Better to cover Gronkowski with one than none. In what appeared to be a dig at the Steelers from the NFL opener, Ryan was asked about the challenge of covering tight end Rob Gronkowski with one defender. "Obviously you don’t just put one guy on this guy. That’s been proven. I will say this, it’s better to put one guy on him than nobody on him. We’ll try to have somebody on him, at least.”
Respect for Belichick. Ryan talked about how his brother, Rob, was on Bill Belichick's staff in the early 2000s and won two Super Bowls. With that in mind, Ryan has never discredited the Patriots' success. He also had praise for Belichick. "I recognize the best coach in the game is the one I'm up against," he said. "But I don't concede anything. I'm going to give him my best shot."
Not backing down on Lewis remarks. Ryan caught the attention of some in New England when he said he didn't even know the name of Patriots running back Dion Lewis after Lewis' impressive performance in the season opener.

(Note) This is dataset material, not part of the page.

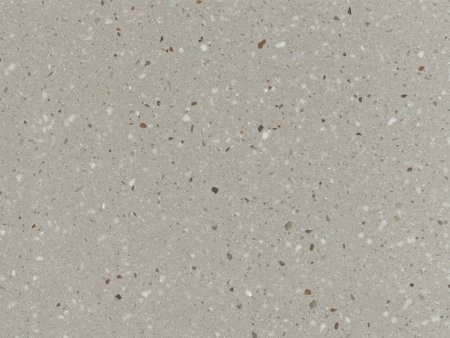 Staron sg428 sanded Goose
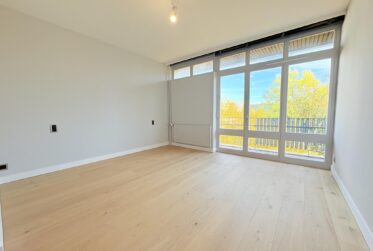 Appartement 5 pièces entièrement rénové - Avenue de Budé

He wasn't backing down Wednesday. "He's no Jim Nance," he said, referencing the Patriots' running back from 1965-1971. Ryan then explained what he meant when he said he didn't know Lewis' name, relaying that LeGarrette Blount is the team's top rusher. Of Lewis, he said, "He can try to make me learn his name, I guess. Go ahead, I'm a little nervous about it."
No dipping toes into the water. Ryan explained his let-it-rip approach. "If you want to beat the Patriots, you don't do it by just tiptoeing around," he said. "You better believe it and then go out and try to make it happen. We recognize how this is a tough challenge, but make no mistake, we fear nobody."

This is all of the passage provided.